Coming into this matchup, everyone is going to have the last time Clemson faced an SEC champion in the back of their minds. However, Dabo Swinney’s Tigers showed against Ohio State they are a much different team than the one that won it all a year ago, and it starts with their depleted defensive line. Clemson still has athletes upfront, but they haven’t been able to get consistent pressure with just four rushers all year like they did last season, which should come as no surprise. Brent Venables lost his entire defensive line to the NFL draft, and while Clemson doesn’t rebuild – they reload – it would have been impossible to replicate that unit’s success last season. They were one of the most dominant positional groups in college football history, and that would be really useful against this LSU offense.
Venables will dial up some looks, but I don’t think anything will confuse Joe Burrow, who is simply one of the smartest college football quarterbacks we have ever seen. And if he knows where you’re coming from, you don’t have a shot. Clemson’s secondary is disciplined, but they don’t have the athletes to match up with LSU. If there is one thing I can guarantee about this matchup, it’s that LSU will put up points. Throw Clemson’s #1 defense out the window; that means very little when playing the awful offenses in the ACC. Ohio State racked up over 500 yards against Clemson, and they do not compare to what LSU will bring offensively. The Bayou Bengals will score at least 30 in this one, like they have all year, and probably more like 40+.
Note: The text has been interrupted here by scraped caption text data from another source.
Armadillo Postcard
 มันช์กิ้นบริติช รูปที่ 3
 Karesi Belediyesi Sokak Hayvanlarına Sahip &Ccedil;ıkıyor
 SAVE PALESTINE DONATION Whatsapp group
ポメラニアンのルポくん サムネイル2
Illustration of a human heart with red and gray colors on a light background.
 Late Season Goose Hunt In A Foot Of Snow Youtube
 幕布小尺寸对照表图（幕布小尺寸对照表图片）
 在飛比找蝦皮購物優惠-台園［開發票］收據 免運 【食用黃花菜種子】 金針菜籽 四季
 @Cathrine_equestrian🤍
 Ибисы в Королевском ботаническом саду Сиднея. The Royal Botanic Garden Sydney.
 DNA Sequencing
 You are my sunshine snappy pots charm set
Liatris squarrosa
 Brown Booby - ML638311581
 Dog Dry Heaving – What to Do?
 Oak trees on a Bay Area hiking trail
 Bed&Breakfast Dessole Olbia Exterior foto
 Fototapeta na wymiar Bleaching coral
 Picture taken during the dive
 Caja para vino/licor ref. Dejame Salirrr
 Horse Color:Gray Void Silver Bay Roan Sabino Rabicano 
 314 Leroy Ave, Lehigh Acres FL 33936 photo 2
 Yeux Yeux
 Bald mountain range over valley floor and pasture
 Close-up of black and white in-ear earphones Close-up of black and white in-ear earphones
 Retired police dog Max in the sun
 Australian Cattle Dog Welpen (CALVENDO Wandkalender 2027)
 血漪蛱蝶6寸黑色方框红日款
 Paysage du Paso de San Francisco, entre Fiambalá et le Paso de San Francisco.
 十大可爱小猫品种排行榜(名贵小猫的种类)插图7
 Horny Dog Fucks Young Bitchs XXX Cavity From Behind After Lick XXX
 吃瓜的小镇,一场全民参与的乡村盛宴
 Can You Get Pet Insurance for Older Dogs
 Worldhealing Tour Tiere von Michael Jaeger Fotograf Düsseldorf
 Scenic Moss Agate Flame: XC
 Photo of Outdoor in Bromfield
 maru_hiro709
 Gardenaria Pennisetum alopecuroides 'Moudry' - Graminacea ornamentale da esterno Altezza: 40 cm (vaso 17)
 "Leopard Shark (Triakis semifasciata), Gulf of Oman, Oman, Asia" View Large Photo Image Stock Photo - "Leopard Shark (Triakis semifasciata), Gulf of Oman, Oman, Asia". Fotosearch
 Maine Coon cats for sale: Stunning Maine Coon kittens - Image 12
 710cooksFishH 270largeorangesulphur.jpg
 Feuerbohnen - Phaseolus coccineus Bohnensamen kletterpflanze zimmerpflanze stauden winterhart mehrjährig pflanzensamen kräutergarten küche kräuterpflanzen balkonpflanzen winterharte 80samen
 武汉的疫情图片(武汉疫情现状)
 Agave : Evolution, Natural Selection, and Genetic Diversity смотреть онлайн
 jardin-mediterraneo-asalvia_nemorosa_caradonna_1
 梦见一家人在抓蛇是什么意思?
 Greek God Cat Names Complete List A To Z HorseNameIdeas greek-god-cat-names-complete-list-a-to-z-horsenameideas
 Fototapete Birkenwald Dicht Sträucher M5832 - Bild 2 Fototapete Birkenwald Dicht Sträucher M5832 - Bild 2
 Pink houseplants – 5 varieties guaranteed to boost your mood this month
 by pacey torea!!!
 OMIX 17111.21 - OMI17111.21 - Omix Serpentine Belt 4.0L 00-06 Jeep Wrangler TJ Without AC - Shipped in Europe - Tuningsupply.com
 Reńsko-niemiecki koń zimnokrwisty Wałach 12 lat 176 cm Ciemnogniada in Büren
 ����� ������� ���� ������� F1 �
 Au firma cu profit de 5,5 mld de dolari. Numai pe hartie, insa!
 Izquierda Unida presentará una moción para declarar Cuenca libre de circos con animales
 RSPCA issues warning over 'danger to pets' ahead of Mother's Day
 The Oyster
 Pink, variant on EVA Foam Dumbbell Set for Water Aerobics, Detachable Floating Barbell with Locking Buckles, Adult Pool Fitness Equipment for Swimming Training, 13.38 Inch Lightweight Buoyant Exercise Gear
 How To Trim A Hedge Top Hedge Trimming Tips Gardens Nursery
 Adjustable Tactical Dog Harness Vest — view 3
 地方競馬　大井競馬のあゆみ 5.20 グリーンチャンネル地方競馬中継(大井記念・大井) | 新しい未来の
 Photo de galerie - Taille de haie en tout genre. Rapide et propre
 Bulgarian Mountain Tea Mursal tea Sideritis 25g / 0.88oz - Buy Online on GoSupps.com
That means Lawrence is going to have to be perfect, which he has been over his Clemson career. In 25 collegiate games, Lawrence has not lost, always doing what needs to be done to win the game, whether it’s with his arm, legs, or as a leader. That is going to matter on Monday, and I’m positive he is well aware of the fact that his team is going to need to score 40 to win this ball game. He has the weapons to make that happen and will make this game a shootout, but at the end of the day, LSU’s defense has come on strong at the end of the year, and they have the better athletes in the secondary to match up with Clemson. I think that’s the difference in the game. Eventually, LSU will come up with a stop or two in a row, which will open the door for Joe Burrow to take the lead, and he will not look back.